Does the track need to be glued in the tunnels? If I glue the track down in the tunnels, I wont be able to remove the bridge to work on the layout under the bridge.

Any suggestions? I am building a small access to the tracks in the tunnel once the mountains are in place, but that will be small and intended just to clean track and/or correct derailments.

Is the only other option to not use the Unitrack connectors on the bridge and solder the track?

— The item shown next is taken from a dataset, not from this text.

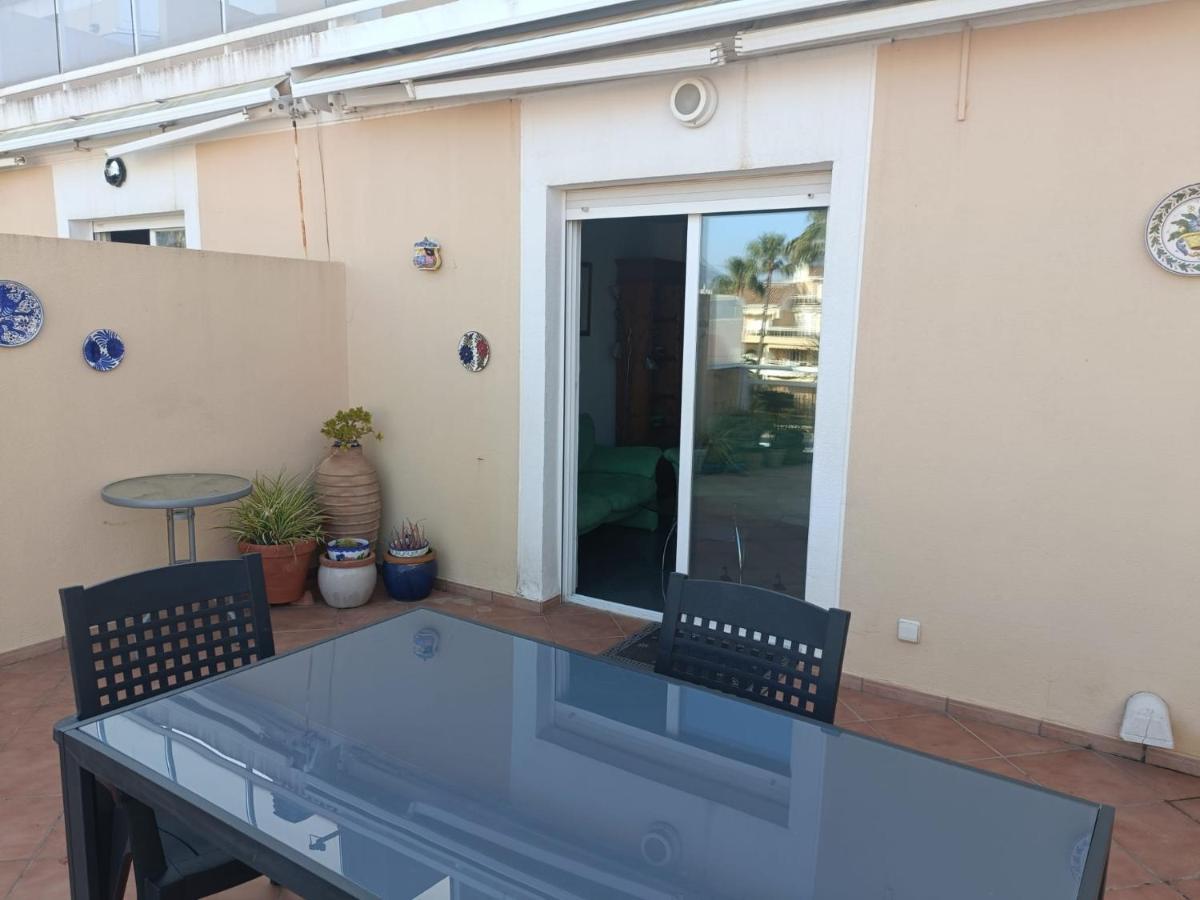 Duplex Jardines De Denia I Apartment Exterior photo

I am looking forward to your responses.


----------



## Viperjim1 (Mar 19, 2015)

Soldering your track won't give you access to remove the track without removing the ajoining pieces. If you have a foam layer under the track you could use small track spikes to hold the track in place, but with initrack , if you use new railjoiners you shouldn't have a problem with the track moving if that is your concern. You may just want to tack the ends of the bridge in place and that should hold everything true. I personally don't think it's an issue, besides if the track is glued in the tunnnel area you won't be able to slide the sections apart to do your maintenance.. hope this helps.


----------



## Chiech (Feb 14, 2018)

Nailing the track down never crossed my mind. Great idea, thanks...


----------



## Viperjim1 (Mar 19, 2015)

Using the track spiked in foam is easily removable but nailing it in wood will cause you problems trying to remove them and the track.


----------



## Chiech (Feb 14, 2018)

Thanks, I do have 2” foam as a base...


----------



## traction fan (Oct 5, 2014)

*Pin "nails"*



Chiech said:


> Nailing the track down never crossed my mind. Great idea, thanks...


Chiech;

You may find that ordinary straight sewing pins hold better in foam than track nails. The pins are much longer, and go deeper into the foam.

good luck;

Traction Fan:smilie_daumenpos:


----------